Diabetes is a metabolic disorder disease caused by insufficient insulin secretion and insulin secretion disorders ^[1].The main manifestation of diabetes is hyperglycemia. Long-term exposure of organs to hyperglycemia will cause the damage of physiological system, then leading to chronic progressive lesions and failure of tissues and organs, such as eyes, kidneys, nerves, heart and blood vessels ^[2]. At present, diabetes Mellitus can be divided into type 1 diabetes mellitus (T1DM) and type 2 diabetes mellitus (T2DM), among which T2DM is the most common type of diabetes, accounting for about 95% of diabetic patients ^[3]. The main factors leading to T2DM are environmental factors and bad living habits. In addition, age, overnutrition and insufficient exercise are all the triggers of diabetes ^[4]. From health to T2DM, the development usually goes through three stages: health, pre-diabetes, type 2 diabetes ^[5]. When T2DM is diagnosed, the blood glucose level of patients will continue to rise, and drug treatment is difficult to reverse ^[6,7]. However, patients in pre-diabetes can maintain blood glucose stability and even restore health through artificial intervention. Many studies have shown that early diagnosis and treatment of T2DM is the most effective way to prevent and control T2DM. Therefore, early detection and timely adjustment of lifestyle is the key to the treatment of T2DM ^[8].

With the development of economy and culture, people pay more and more attention to physical examination^[9,10]. Finding valuable information related to diabetes from physical examination data and finding out the changing pattern of diabetes at all stages is of great importance to the prevention and treatment of diabetes.

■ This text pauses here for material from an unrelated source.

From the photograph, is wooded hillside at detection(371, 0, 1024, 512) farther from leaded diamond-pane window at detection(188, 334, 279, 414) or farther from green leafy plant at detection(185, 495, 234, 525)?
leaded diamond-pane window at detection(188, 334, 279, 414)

In recent years, many algorithms have been used to predict diabetes. For example, Zou et al. used principal component analysis (PCA) and minimum redundant maximum (mRMR) correlation to screen risk factors, and utilized decision tree (DT), RF and neural network (NN) to predict diabetes ^[11]. By using mutual information (MI) and Gini impurity (GI) to screen diabetes-related risk factors in physical examination data, Yang et al. established a cascade diabetes risk prediction system ^[12]. The invasive risk assessment model HCL predicted diabetes by using invasive characteristics and referring to Harvard Cancer Risk Index ^[13].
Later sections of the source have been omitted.